Task statement:
In the data below, find the line containing "Minimalistisk hvid gulvlampe"; transcribe it and each line after it exactly, through the last, skipping pictures.
★ ★ ★
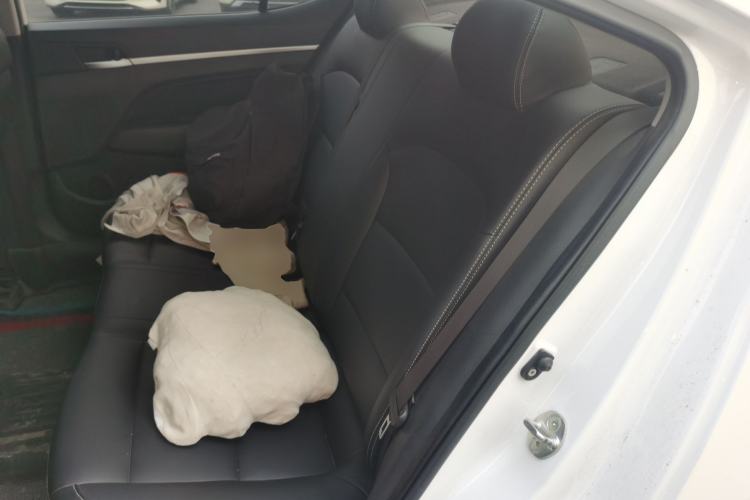 Used Hyundai Elantra (6th Generation / Lingdong) 2016 1.6L Automatic ZhiXuan – Elite Version Left Rear Seat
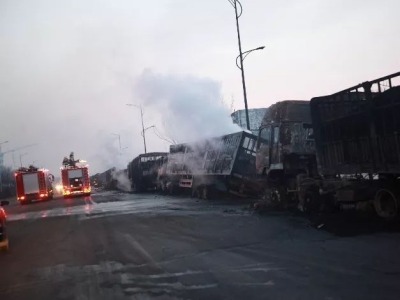 张家口化工厂附近爆炸事故已致22死22伤，伤员大部分为货车司机  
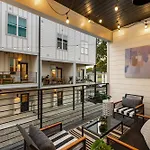 Private Rooftop Near Vanderbilt Only 2 Miles From Downtown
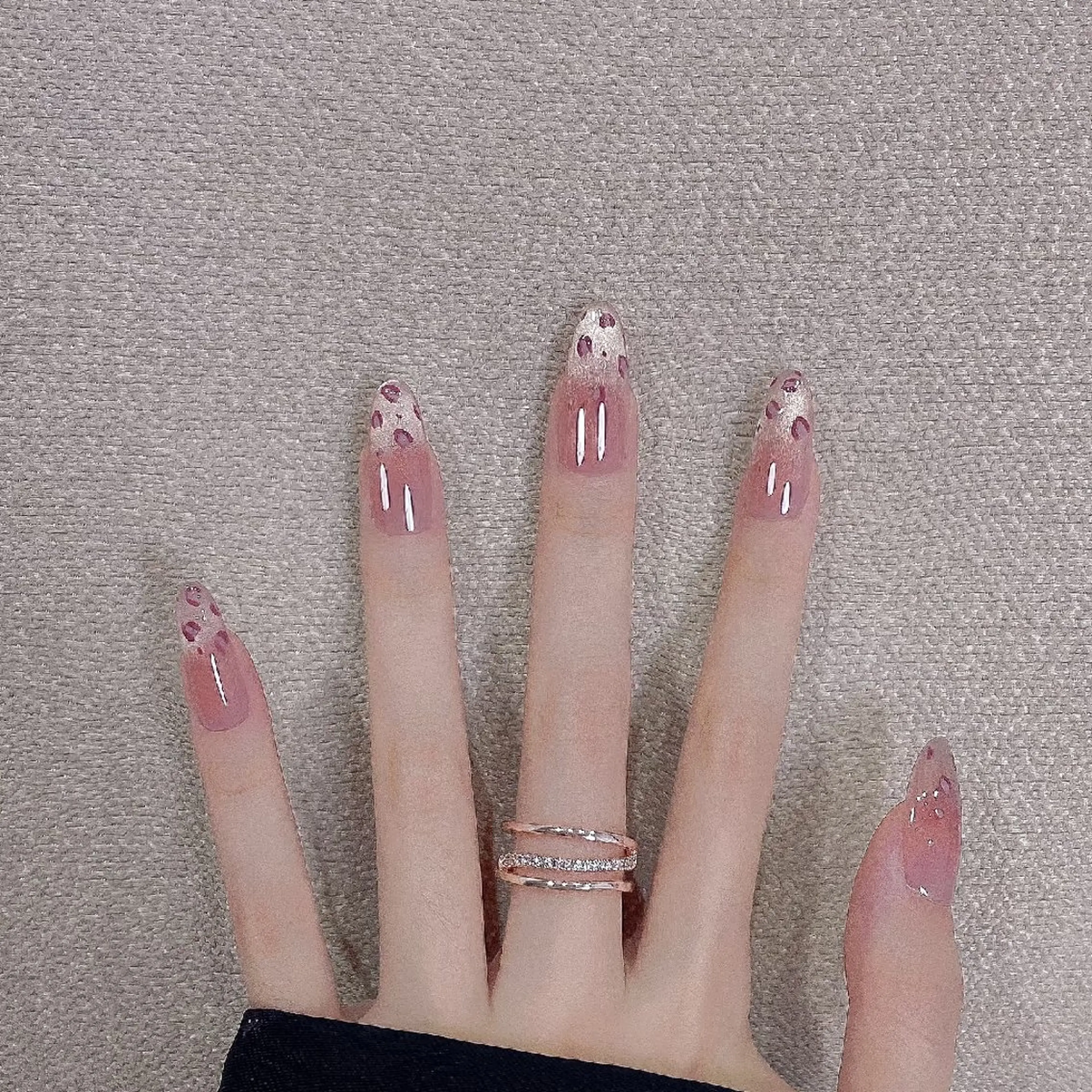 ネイル 鈴木 彩星のネイルデザイン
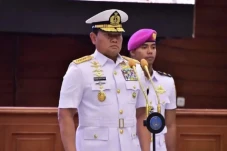 Panglima TNI Mutasi...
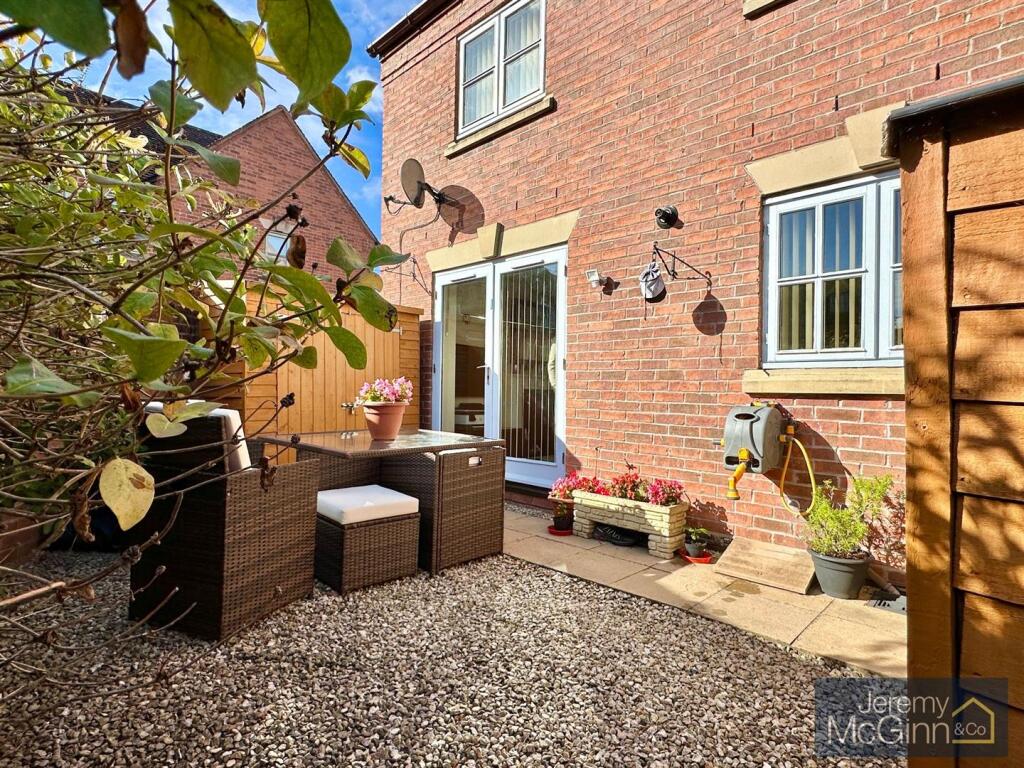 courtyard garden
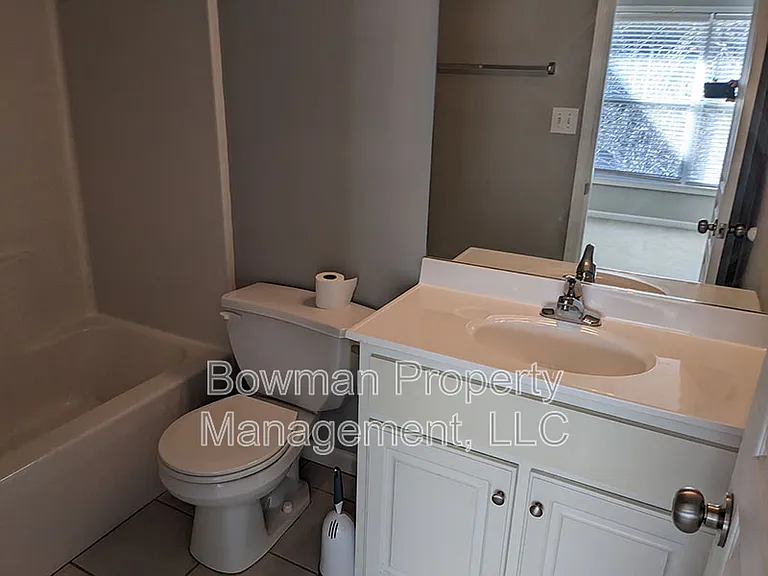 660 Barnett Shoals Rd #123 — Photo 20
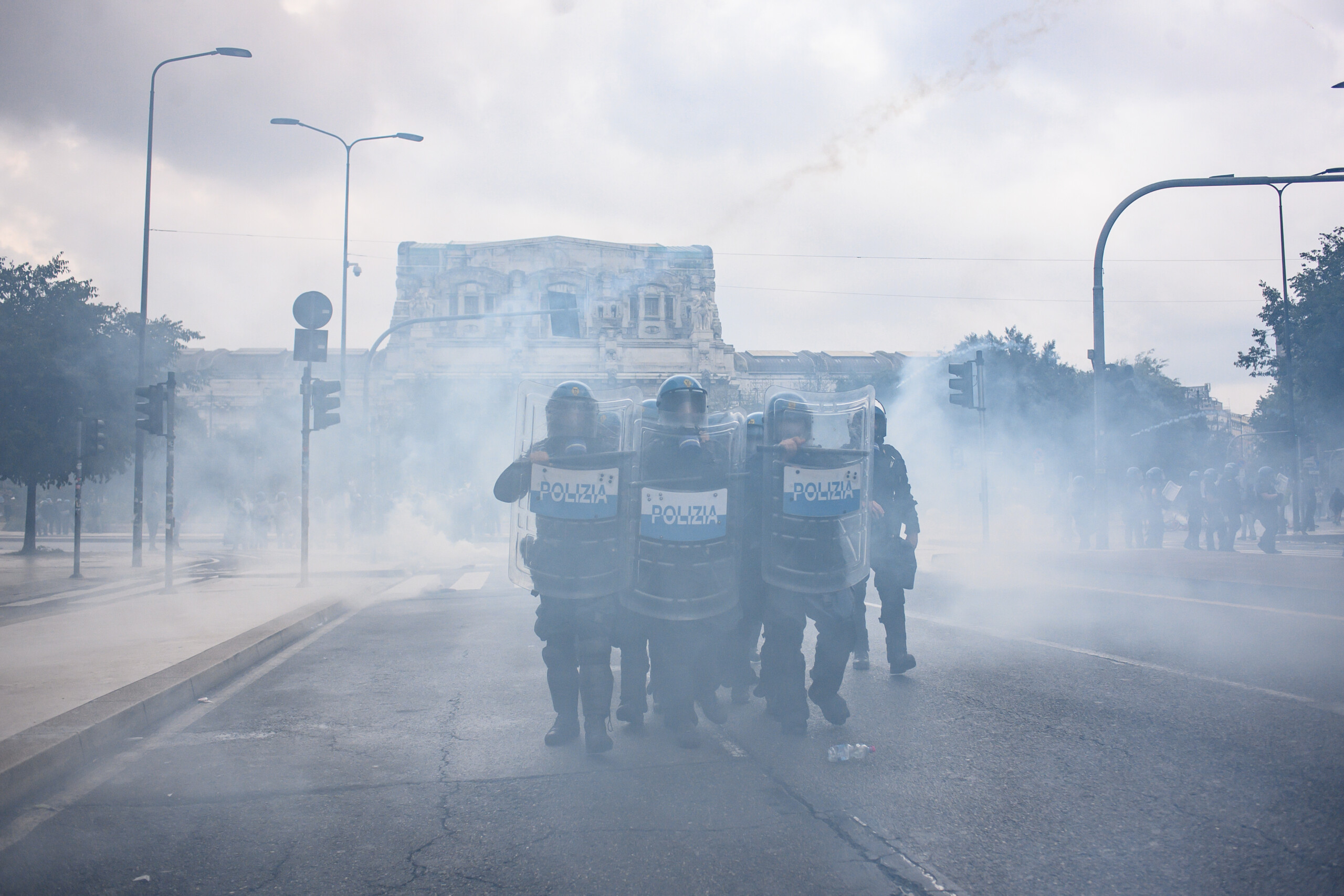 Milan, affrontements près de la gare Centrale pour la Flottille et Gaza : 7 nouvelles arrestations 1 milan affrontements pres de la gare centrale pour la flottille et gaza 7 nouvelles arrestations scaled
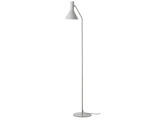 Minimalistisk hvid gulvlampe med en slank, lige stang, en rund fod og en kegleformet lampeskærm. Der går en sort strømledning ud fra foden.
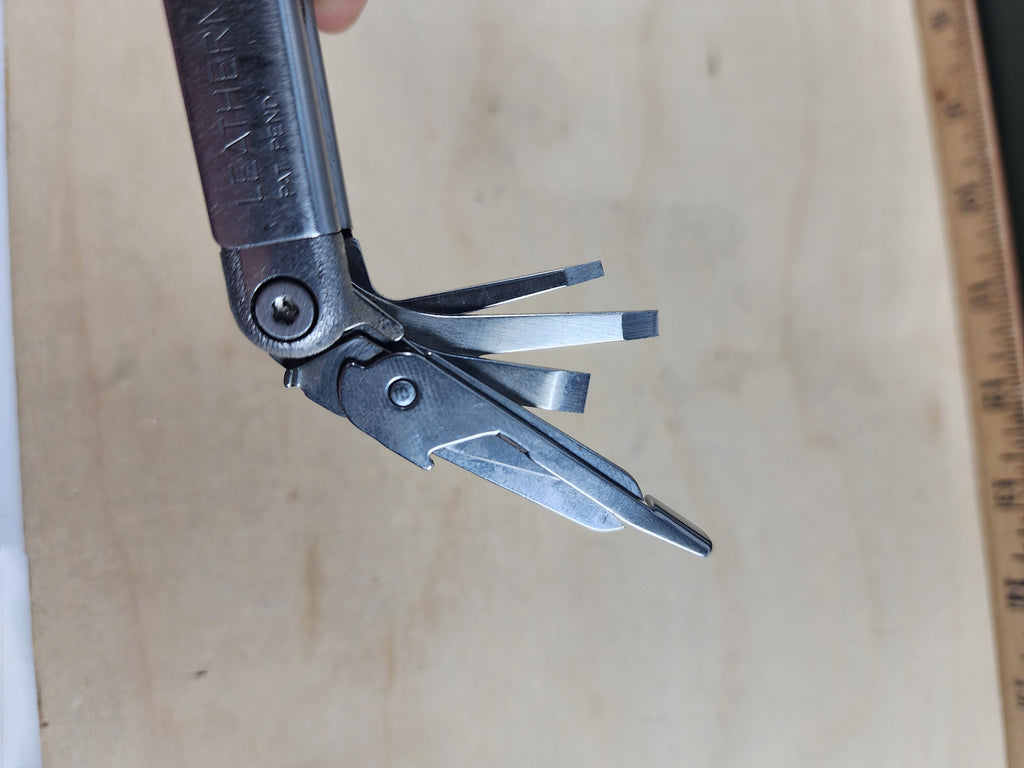 Leatherman Wave #-104 Original, light usage, dirty, possible rust 0100/1099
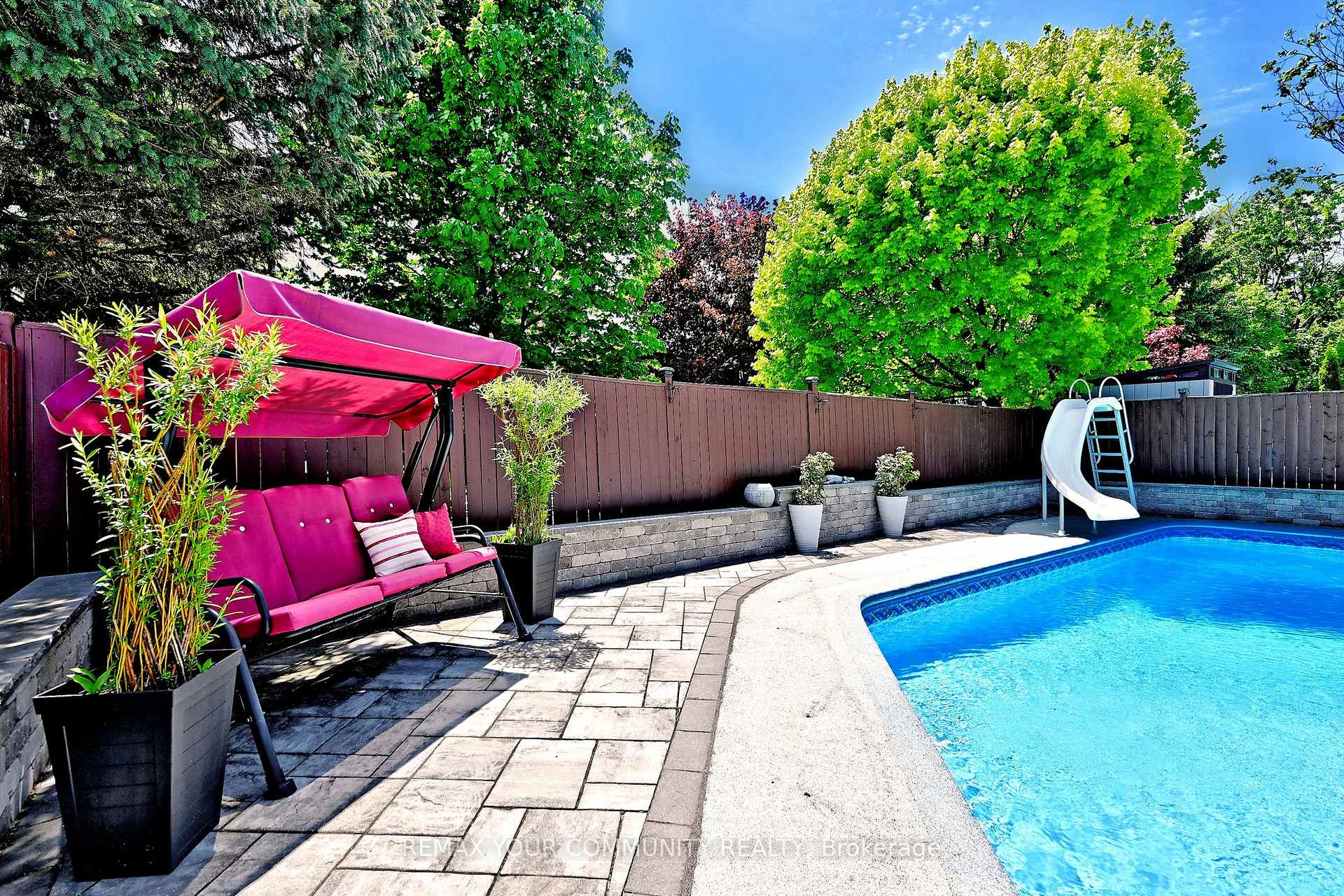 Photo 27 of 48 Haskell Crescent, Aurora, Aurora Highlands — HOMEH
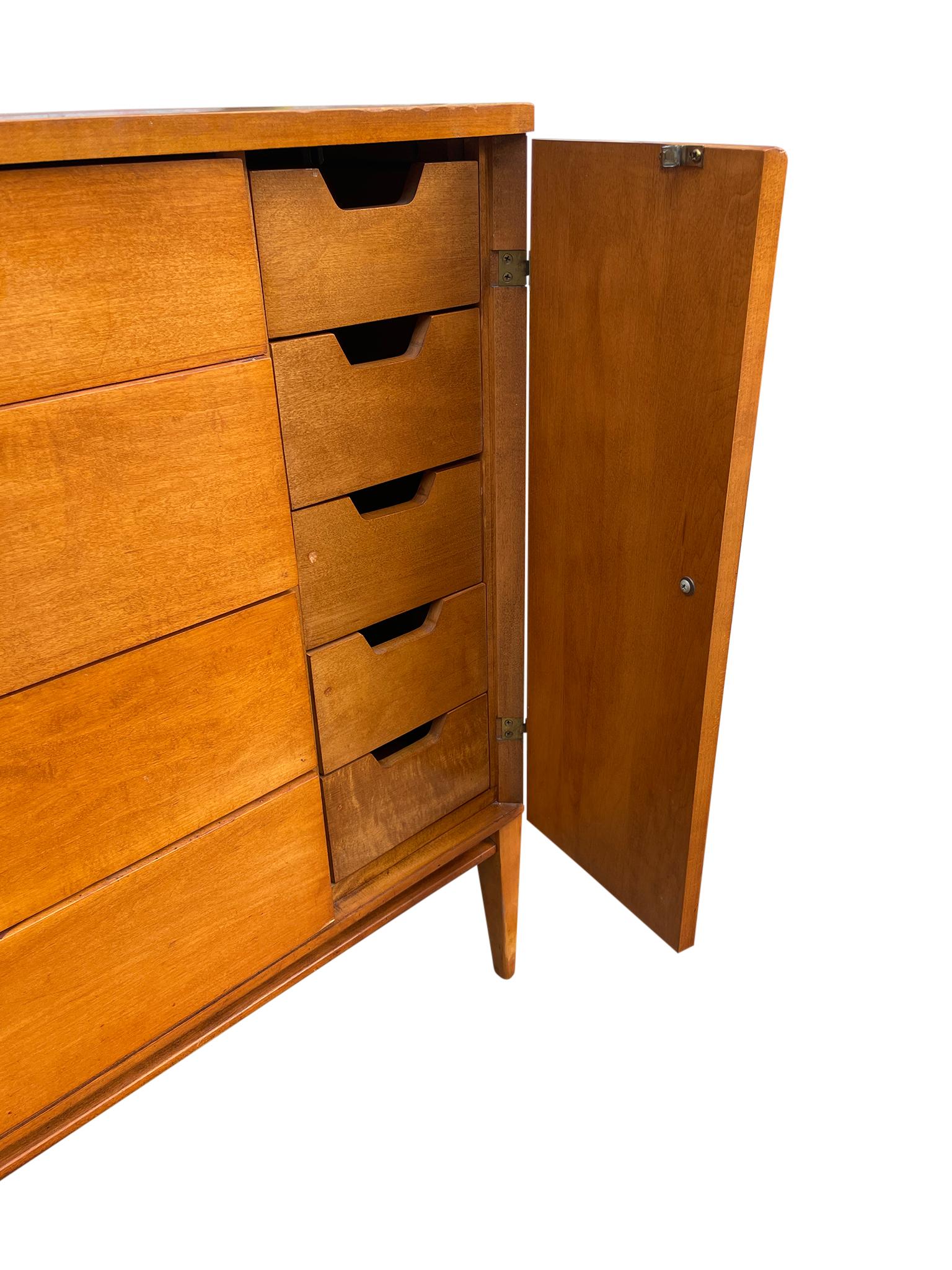 Midcentury Paul McCobb Maple 20-Drawer Dresser #1510 Tobacco Finish brass Pulls For Sale 1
★ ★ ★
Answer box:
 Minimalistisk hvid gulvlampe med en slank, lige stang, en rund fod og en kegleformet lampeskærm. Der går en sort strømledning ud fra foden.
 Leatherman Wave #-104 Original, light usage, dirty, possible rust 0100/1099
 Photo 27 of 48 Haskell Crescent, Aurora, Aurora Highlands — HOMEH
 Midcentury Paul McCobb Maple 20-Drawer Dresser #1510 Tobacco Finish brass Pulls For Sale 1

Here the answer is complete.